Su primer tuit fue un éxito: “¿Será común que un hombre de 95 abra cuenta en Twitter? Tengo ansias de conectarme con el mundo. Martina, mi gata, está feliz y me aconseja”, escribió Letelier. En cosa de horas, Pierre, le peluquier, tenía más de 900 seguidores: llegó a ser trending topic en Santiago y en Chile. Y recibió comentarios bellos y nobles, que pretende contestar con calma.

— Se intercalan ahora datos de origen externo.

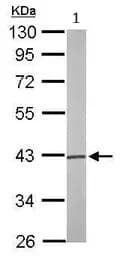 Anti-Phosphoserine Aminotransferase antibody(AB96136)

Sensible como es, Letelier no lo podía creer. Se sintió profundamente conmovido: “Es como volver a nacer. Estar en el mundo es estar vivo y el que está vivo, conversa. A los 95 me siento lleno de posibilidades creativas”. Su próximo objetivo será aprender a usar una tableta o un ordenador. “Quisiera que lo que me queda por vivir, que no es mucho, fuera rico en experiencias. Me interesan los seres humanos y quiero vivir entre los vivos con los vivos y, si es posible, para los vivos”.